Records drawn from a dataset:
::::::::

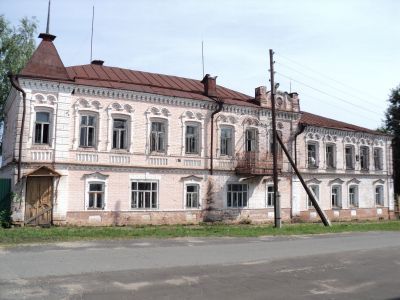 Здание, где в 1918 г. находились президиум Ветлужского исполкома и уездная ВЧК, руководившие подавлением Уренско-Ветлужского контрреволюционного мятежа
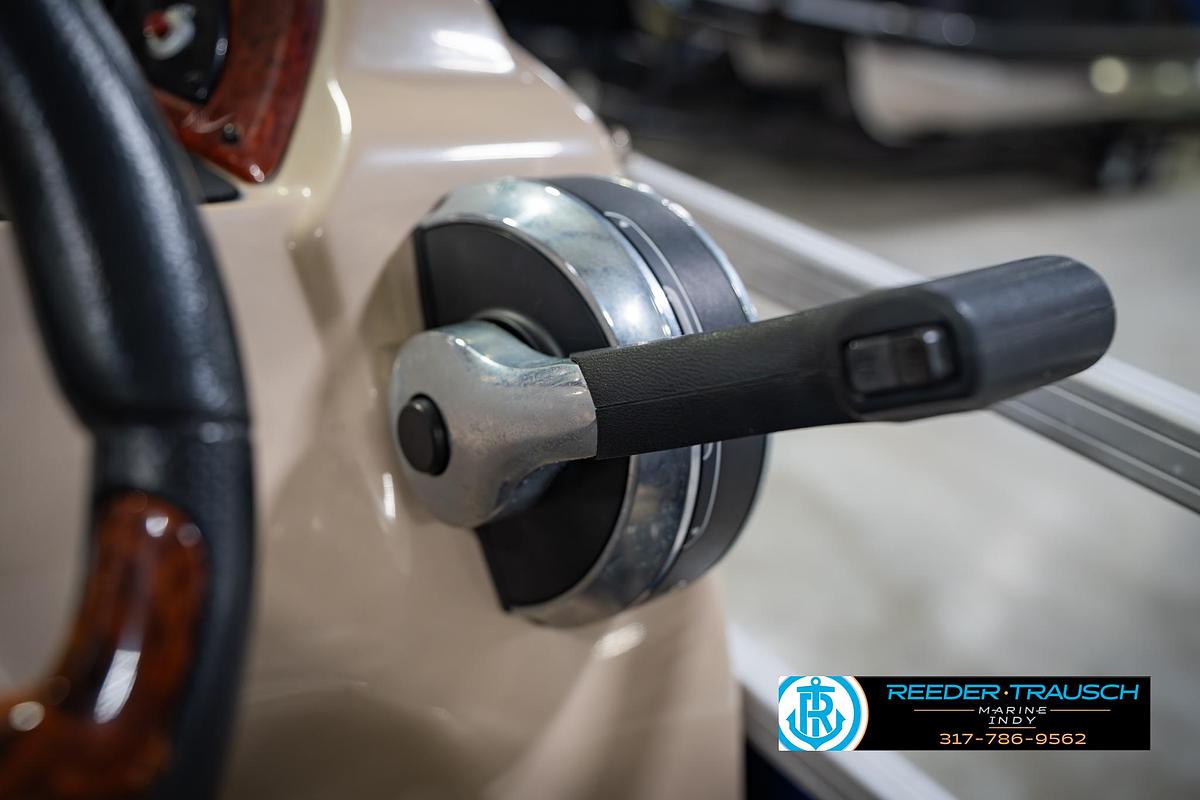 Used 2014 Tracker Marine Sig Party Barge 20 DLX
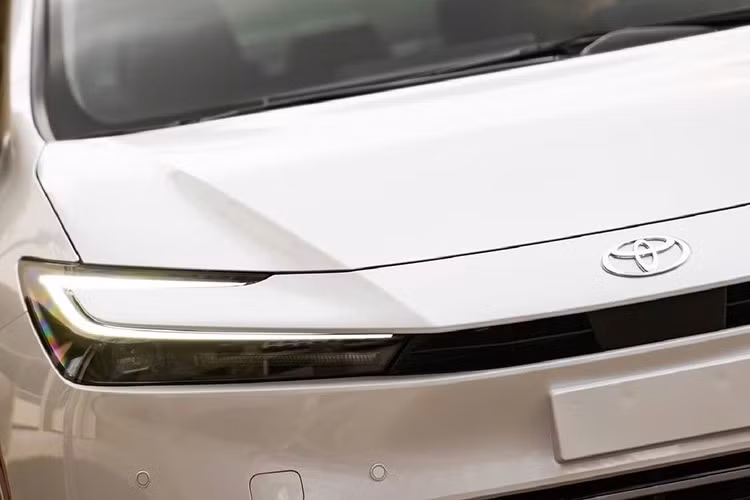 Điểm nhấn của xe nằm ở cụm đèn pha được thiết kế lại với bố cục hai tầng: phía trên là dải LED liền mạch hình chữ C, trong khi đèn chiếu gần và chiếu xa được đặt thấp hơn ở hai bên mép cản.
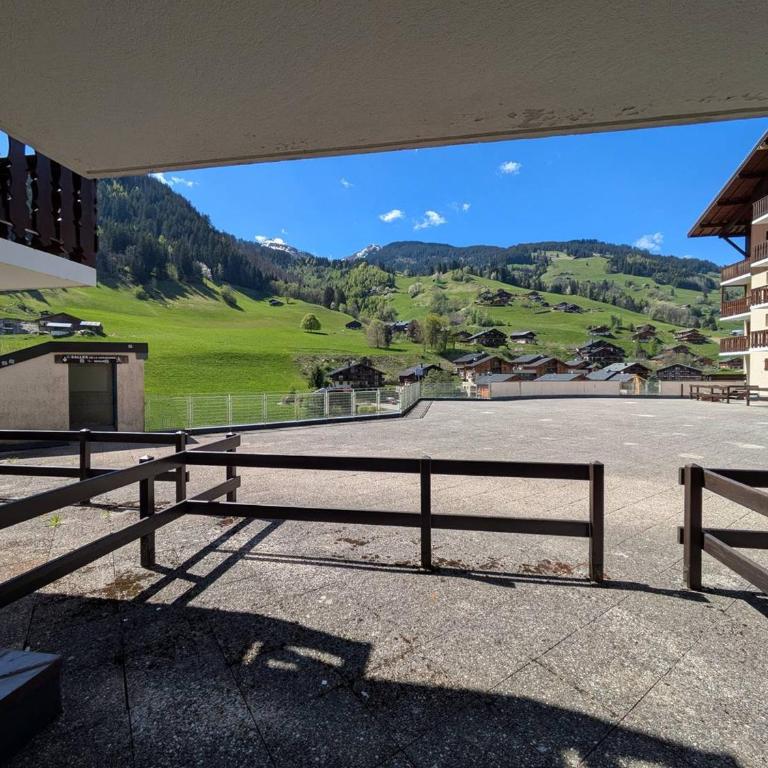 Charmant appartement à Arêches-Beaufort avec terrasse, piscine et parking, idéal pour 4 personnes - FR-1-342-139 - Appartement (4 Adultes) - 12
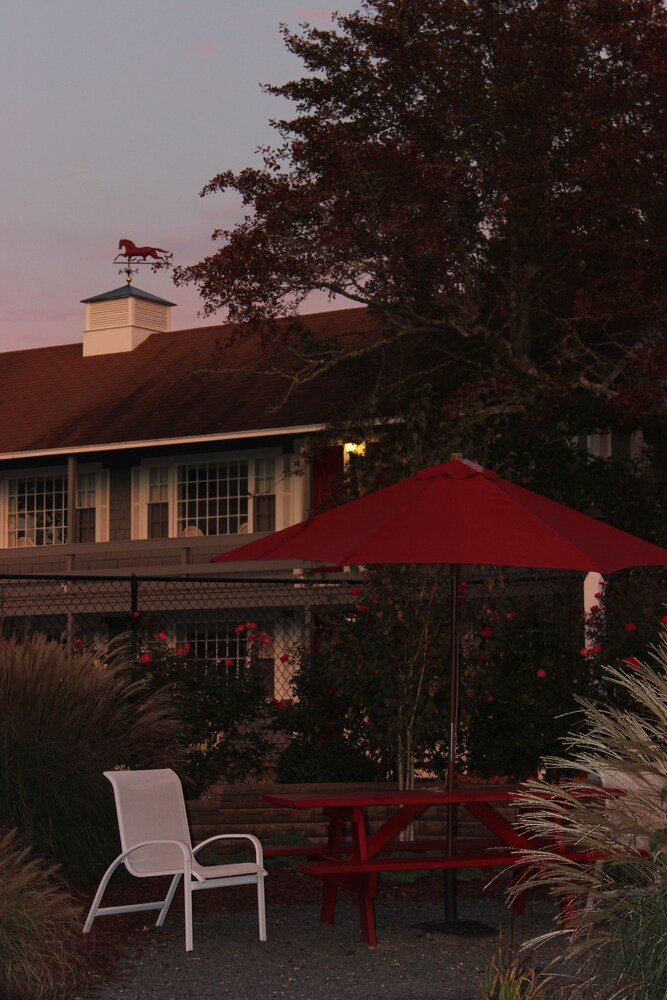 Red Horse Inn - photo 30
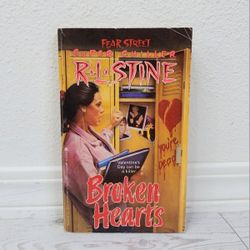 VTG Fear Street Broken Hearts R.L Stine Paperback Book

::::::::

> WORK INSTRUCTIONS: Give back each entry exactly as it appears, with no pictures.

> SOLUTION FOR THIS TASK:
 Здание, где в 1918 г. находились президиум Ветлужского исполкома и уездная ВЧК, руководившие подавлением Уренско-Ветлужского контрреволюционного мятежа
 Used 2014 Tracker Marine Sig Party Barge 20 DLX
 Điểm nhấn của xe nằm ở cụm đèn pha được thiết kế lại với bố cục hai tầng: phía trên là dải LED liền mạch hình chữ C, trong khi đèn chiếu gần và chiếu xa được đặt thấp hơn ở hai bên mép cản.
 Charmant appartement à Arêches-Beaufort avec terrasse, piscine et parking, idéal pour 4 personnes - FR-1-342-139 - Appartement (4 Adultes) - 12
 Red Horse Inn - photo 30
 VTG Fear Street Broken Hearts R.L Stine Paperback Book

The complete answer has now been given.